The prisoners marched in their direction and the fire fighters panicked and
dropped their hoses and fled from the camp. The officer in charge of the security
of the camp known as the Boxer because of his brutality entered the camp yard and
shot one of the prisoners at point blank range. With that shot other soldiers who
formed a ring around the camp inmates opened fire and the men headed for cover
wherever possible.
Later
the camp officials claimed they resorted to shooting only because they were
attempting to prevent a mass breakout by the prisoners. Five men lay dead: Georg
Gazafy of Batsch aged 49 years; Matthias Geistlinger of Kaltenstein aged 36 years;
Josef Schutz of Budaörs aged 28 years; Hans Tangel of Bardhaus aged 32 years and
Josef Widlhofer from Ödenburg (Sopron) aged 29 years.
There
were also many wounded. It is a miracle that only five of them were killed.

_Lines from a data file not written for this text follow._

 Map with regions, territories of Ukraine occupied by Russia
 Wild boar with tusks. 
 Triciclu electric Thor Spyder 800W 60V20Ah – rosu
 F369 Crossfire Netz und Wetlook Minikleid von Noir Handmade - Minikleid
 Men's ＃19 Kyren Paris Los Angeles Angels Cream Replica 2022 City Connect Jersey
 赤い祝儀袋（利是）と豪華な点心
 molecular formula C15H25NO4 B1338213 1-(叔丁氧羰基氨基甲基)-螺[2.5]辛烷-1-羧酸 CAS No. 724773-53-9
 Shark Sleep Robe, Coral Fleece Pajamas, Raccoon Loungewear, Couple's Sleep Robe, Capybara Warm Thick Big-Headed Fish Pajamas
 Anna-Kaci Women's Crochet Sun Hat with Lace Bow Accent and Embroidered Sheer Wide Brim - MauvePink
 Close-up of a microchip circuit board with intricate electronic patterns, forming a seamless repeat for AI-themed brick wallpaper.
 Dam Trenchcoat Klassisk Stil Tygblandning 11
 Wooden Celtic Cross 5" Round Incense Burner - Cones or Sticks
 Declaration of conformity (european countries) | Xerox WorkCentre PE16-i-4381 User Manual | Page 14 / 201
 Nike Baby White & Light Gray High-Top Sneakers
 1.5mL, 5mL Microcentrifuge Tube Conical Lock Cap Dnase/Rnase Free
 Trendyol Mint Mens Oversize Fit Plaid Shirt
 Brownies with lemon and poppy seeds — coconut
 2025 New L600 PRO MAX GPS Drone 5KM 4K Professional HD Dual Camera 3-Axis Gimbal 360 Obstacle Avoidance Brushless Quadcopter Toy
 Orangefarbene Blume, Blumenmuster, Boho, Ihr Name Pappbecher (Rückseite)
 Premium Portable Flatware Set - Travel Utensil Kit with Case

Those with minor wounds did not report them for fear of being dragged off
somewhere. The badly wounded were transported away in trucks. None of them were
ever heard from again. Years later civilians who lived in the area reported that
they had been shot and buried in open fields.
After
the terrible evening of October 4, 1953 the camp and barracks were a mess, broken
windows, smashed bunks, bedding and clothes strewn about. Security guards armed
with machine pistols stood at the barrack doors.
The next
morning some military officers arrived from Budapest. They interrogated the camp
inmates for four days. Two of the prisoners were condemned to five or six years
in prison by a military court in Budapest and were blamed for the starting the
prisoner uprising. They were imprisoned in the same facility as Cardinal
Mindszenty, Count Esterházy and the Lutheran Bishop Lajos Ordas. In December 1955
the two men were finally released. This was not due to the grace of the Hungarian
government but as a result of the pressure of the Allied Powers. The Hungarian
government could no longer hide the fact of the fate of the ethnic German
Hungarian prisoners of war.
The
prisoners at Tiszalók were released shortly after the investigation ended. The
first of several transports of prisoners of war were transferred to West Germany.